Defines functions NNS.meboot

Documented in NNS.meboot

#' NNS meboot
#'
#' Adapted maximum entropy bootstrap routine from \code{meboot} \url{https://cran.r-project.org/package=meboot}.
#'
#' @param x vector of data.
#' @param reps numeric; number of replicates to generate.
#' @param rho numeric [-1,1] (vectorized); A \code{rho} must be provided, otherwise a blank list will be returned.
#' @param type options("spearman", "pearson", "NNScor", "NNSdep"); \code{type = "spearman"}(default) dependence metric desired.
#' @param drift logical; \code{drift = TRUE} (default) preserves the drift of the original series.
#' @param target_drift numerical; \code{target_drift = NULL} (default) Specifies the desired drift when \code{drift = TRUE}, i.e. a risk-free rate of return.
#' @param target_drift_scale numerical; instead of calculating a \code{target_drift}, provide a scalar to the existing drift when \code{drift = TRUE}.
#' @param trim numeric [0,1]; The mean trimming proportion, defaults to \code{trim = 0.1}.
#' @param xmin numeric; the lower limit for the left tail.
#' @param xmax numeric; the upper limit for the right tail.
#' @param reachbnd logical; If \code{TRUE} potentially reached bounds (xmin = smallest value - trimmed mean and
#' xmax = largest value + trimmed mean) are given when the random draw happens to be equal to 0 and 1, respectively.
#' @param expand.sd logical; If \code{TRUE} the standard deviation in the ensemble is expanded. See \code{expand.sd} in \code{meboot::meboot}.

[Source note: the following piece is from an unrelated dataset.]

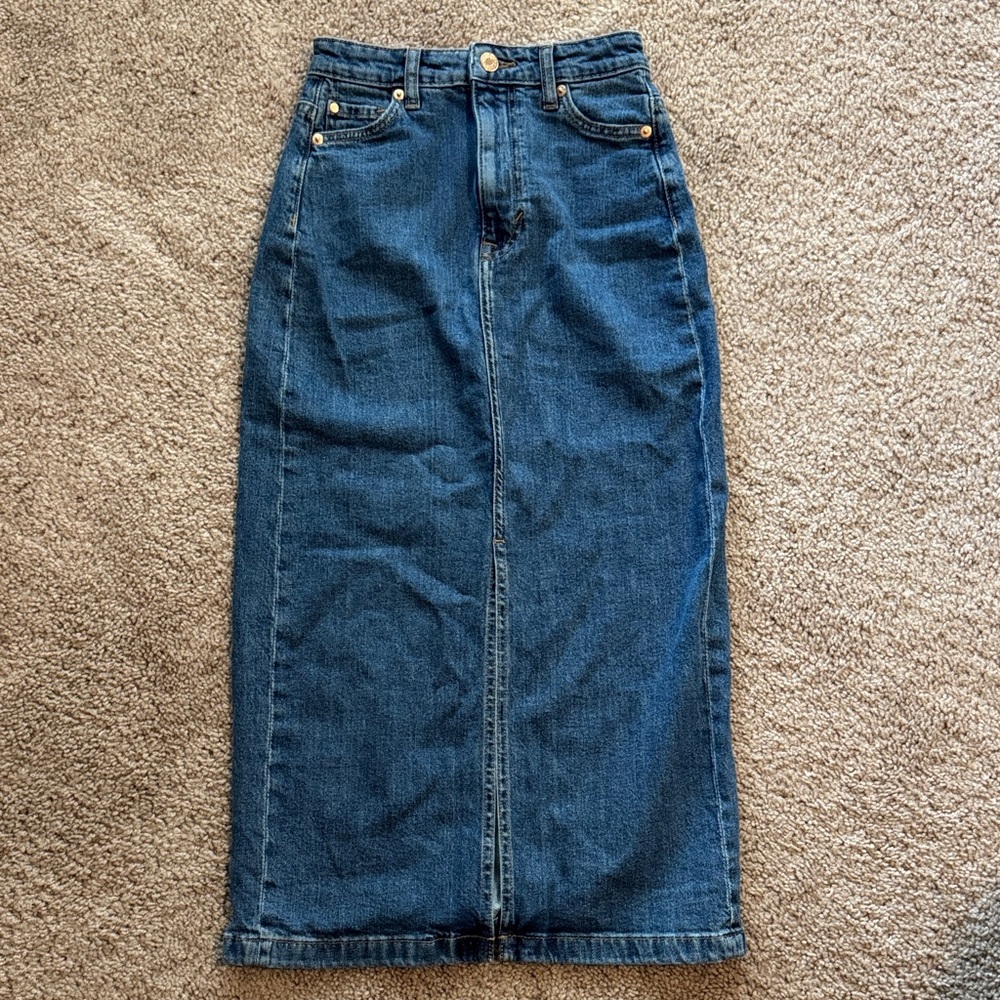 Women's Blue Denim Maxi Skirt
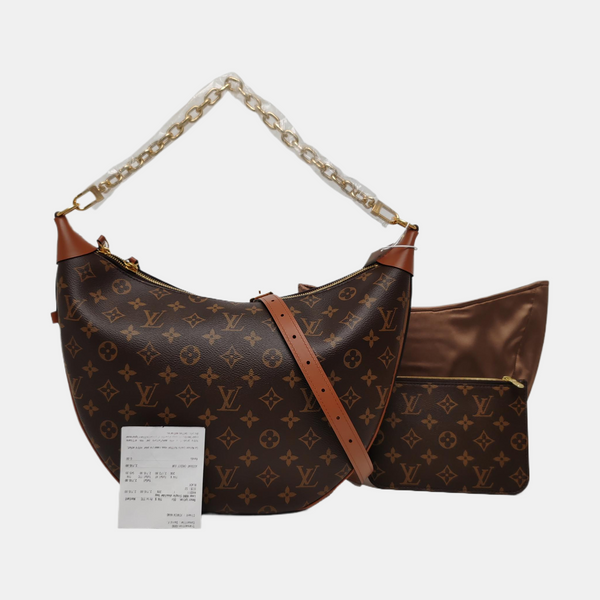 LOOP HOBO Monogram Coated Canvas Brown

#' @param force.clt logical; If \code{TRUE} the ensemble is forced to satisfy the central limit theorem. See \code{force.clt} in \code{meboot::meboot}.

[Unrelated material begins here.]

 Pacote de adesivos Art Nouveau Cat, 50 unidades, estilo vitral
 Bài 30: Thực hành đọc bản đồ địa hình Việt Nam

#' @param scl.adjustment logical; If \code{TRUE} scale adjustment is performed to ensure that the population variance of the transformed series equals the variance of the data.
#' @param sym logical; If \code{TRUE} an adjustment is performed to ensure that the ME density is symmetric.

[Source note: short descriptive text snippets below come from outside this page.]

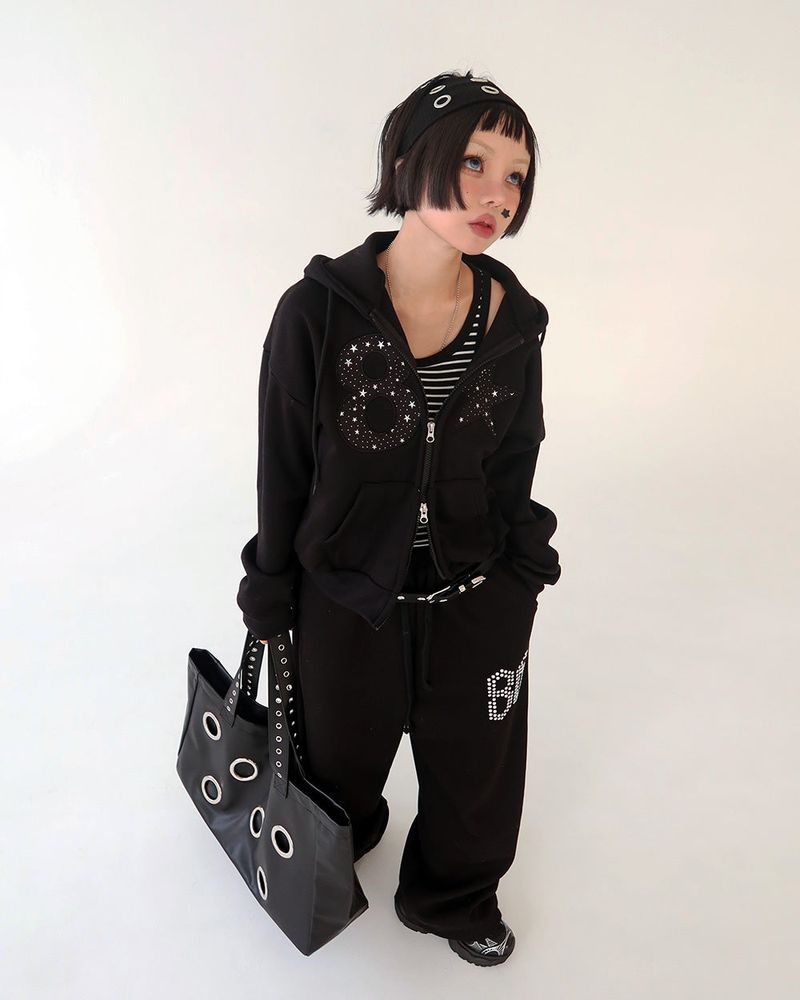 Star Patch Hoodie Zip-Up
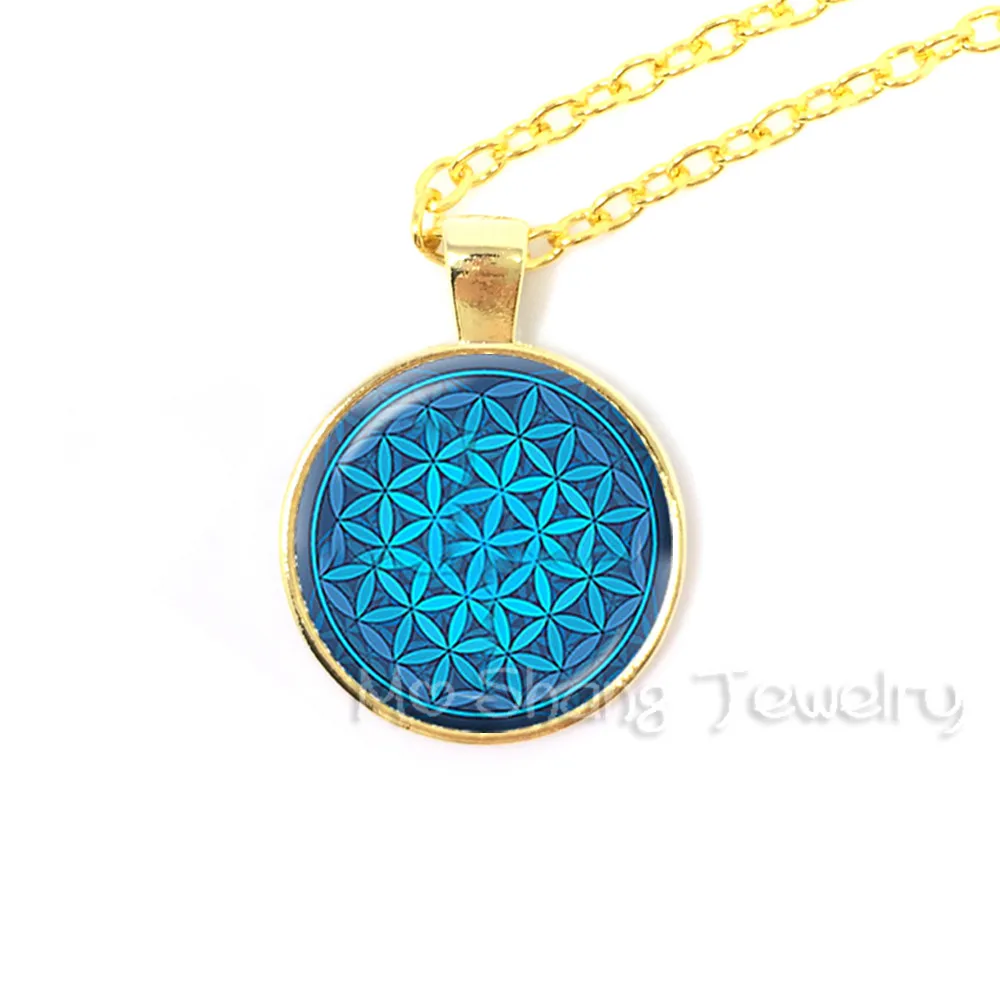 Wholesale Round Glass Choker Necklace Mandala Pendant Purple and Blue Mandala Necklace Silver Plated Necklaces Vintage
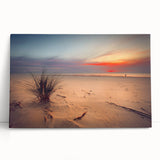 Large black and white stretched canvas of a European scenery, ideal for kitchen art.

#' @param elaps logical; If \code{TRUE} elapsed time during computations is displayed.
#' @param digits integer; 6 (default) number of digits to round output to.
#' @param colsubj numeric; the column in \code{x} that contains the individual index. It is ignored if the input data \code{x} is not a \code{pdata.frame} object.
#' @param coldata numeric; the column in \code{x} that contains the data of the variable to create the ensemble. It is ignored if the input data \code{x} is not a \code{pdata.frame} object.
#' @param coltimes numeric; an optional argument indicating the column that contains the times at which the observations for each individual are observed. It is ignored if the input data \code{x}
#' is not a \code{pdata.frame} object.
#' @param ... possible argument \code{fiv} to be passed to \code{expand.sd}.
#'
#' @return Returns the following row names in a matrix:
#' \itemize{
#'   \item{x} original data provided as input.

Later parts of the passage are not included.